自分と瓜二つの人間が目の前にいるだけでとてつもなく不安な気持ちにさせられるというのに、隠しているつもりの内面まで筒抜け状態だなんてー
お互い様とはいえやりづれェ。
坂田銀八と対峙して、銀時は桂と桂君の肝の据わり方に改めて感心した。

「まさか、いないの?」
んな訳ないよね?視線が語っている。
「いや、いる」
なんとか返事をして中に招き入れようとした時、「銀時!」頭上から桂の声が降ってきた。
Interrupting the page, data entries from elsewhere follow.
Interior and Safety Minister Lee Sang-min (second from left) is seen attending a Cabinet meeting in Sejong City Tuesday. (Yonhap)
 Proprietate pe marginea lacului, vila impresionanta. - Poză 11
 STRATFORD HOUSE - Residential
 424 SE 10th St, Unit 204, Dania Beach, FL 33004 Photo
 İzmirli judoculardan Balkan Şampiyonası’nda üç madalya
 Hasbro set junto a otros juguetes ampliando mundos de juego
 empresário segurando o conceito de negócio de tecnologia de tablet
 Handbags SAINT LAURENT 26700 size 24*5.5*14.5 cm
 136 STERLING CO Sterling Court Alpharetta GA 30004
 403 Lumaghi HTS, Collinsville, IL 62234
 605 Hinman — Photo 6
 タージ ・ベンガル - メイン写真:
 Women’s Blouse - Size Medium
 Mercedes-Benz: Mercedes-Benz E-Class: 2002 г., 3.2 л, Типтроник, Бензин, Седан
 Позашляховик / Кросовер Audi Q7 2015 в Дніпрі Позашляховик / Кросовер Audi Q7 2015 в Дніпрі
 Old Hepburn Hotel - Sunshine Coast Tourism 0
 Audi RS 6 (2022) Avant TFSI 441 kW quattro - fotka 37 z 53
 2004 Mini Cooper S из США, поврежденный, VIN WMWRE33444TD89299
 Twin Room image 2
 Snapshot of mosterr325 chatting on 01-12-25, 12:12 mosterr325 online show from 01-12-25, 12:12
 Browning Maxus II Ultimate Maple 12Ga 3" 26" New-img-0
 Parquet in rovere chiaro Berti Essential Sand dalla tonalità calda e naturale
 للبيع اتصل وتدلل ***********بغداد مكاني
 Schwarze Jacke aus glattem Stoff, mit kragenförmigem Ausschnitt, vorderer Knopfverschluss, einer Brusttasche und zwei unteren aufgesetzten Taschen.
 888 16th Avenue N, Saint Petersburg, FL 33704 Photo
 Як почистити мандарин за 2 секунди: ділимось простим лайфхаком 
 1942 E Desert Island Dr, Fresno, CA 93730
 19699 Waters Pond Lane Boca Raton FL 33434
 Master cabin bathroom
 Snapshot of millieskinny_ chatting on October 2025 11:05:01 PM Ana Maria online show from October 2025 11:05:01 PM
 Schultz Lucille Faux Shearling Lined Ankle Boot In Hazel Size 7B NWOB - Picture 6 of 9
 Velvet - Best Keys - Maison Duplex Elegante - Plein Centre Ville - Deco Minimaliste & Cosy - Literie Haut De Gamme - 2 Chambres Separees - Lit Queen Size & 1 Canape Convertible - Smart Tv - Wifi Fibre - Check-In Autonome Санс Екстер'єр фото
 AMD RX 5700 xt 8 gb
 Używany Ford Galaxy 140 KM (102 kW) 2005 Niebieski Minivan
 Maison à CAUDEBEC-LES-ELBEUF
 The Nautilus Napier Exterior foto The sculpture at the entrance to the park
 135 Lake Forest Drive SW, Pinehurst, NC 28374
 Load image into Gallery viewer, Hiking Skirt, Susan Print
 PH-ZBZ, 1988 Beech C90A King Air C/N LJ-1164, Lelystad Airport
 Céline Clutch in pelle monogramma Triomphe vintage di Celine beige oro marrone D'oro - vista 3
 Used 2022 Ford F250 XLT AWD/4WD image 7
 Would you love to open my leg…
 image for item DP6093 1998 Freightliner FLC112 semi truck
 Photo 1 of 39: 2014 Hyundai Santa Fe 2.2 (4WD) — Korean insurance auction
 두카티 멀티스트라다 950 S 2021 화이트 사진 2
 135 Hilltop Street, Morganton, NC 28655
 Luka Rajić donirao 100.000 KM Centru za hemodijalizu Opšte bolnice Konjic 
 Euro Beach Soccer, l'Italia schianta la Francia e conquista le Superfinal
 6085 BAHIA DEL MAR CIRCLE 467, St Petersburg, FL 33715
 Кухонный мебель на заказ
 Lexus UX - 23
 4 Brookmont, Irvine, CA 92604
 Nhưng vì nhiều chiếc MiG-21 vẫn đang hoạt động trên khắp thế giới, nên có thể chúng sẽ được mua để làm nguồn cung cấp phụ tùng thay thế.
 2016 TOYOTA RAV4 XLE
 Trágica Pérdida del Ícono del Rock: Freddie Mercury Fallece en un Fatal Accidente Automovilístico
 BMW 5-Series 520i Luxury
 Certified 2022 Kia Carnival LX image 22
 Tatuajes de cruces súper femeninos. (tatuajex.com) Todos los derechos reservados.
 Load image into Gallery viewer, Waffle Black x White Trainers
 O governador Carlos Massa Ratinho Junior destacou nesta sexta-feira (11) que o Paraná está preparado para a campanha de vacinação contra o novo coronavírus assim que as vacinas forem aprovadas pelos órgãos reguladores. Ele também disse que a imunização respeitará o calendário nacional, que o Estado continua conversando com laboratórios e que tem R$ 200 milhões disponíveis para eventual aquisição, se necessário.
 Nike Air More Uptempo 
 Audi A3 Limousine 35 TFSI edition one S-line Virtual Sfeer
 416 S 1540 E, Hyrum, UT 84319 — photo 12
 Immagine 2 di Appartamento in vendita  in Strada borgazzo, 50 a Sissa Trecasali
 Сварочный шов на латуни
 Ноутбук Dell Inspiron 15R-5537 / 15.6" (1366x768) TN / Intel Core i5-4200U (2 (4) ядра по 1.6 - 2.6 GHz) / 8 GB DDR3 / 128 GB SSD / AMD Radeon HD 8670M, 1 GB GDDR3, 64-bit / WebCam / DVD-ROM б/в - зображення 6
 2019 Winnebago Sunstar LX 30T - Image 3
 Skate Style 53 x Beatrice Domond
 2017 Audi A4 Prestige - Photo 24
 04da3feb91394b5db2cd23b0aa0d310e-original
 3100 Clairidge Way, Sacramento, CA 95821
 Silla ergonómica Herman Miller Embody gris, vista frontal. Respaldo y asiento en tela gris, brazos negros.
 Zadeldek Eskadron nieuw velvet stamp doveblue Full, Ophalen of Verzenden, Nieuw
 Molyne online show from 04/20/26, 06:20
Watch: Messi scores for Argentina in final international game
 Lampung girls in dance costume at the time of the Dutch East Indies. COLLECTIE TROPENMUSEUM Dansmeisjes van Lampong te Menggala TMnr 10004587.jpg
大荷物を抱えて瓦屋根に突っ立っている様子はー
「朝っぱらから空き巣かよ」
「空き巣ではない。桂だ!」
叫ぶように言いながらすとんと目の前に舞い降り、
「れ?」
小さく小首を傾げた。
「銀時、貴様には生き別れの双子のーぃったッ!」
銀時の手刀が桂の頭に思い切り振り落とされた。
「てめ、昨日何聞いてやがった、ああ!?こいつが例の銀八って野郎に決まってるだろうが!」
「いきなり酷いではないか。貴様らが剣呑な面構えで立っておるから場を和ませようとしただけだというのに」
「和むかァァァァ! 酷いのはてめぇのおつむの中身だ!」
「ちょっとあんたら、朝っぱらから大声で世間様に莫迦を晒すの止めて下さいよ」
いつの間にか現れた新八が割って入ってきたが、二人を叱りつけた後になって銀八に気づき、それ以上のお小言は慎んだ。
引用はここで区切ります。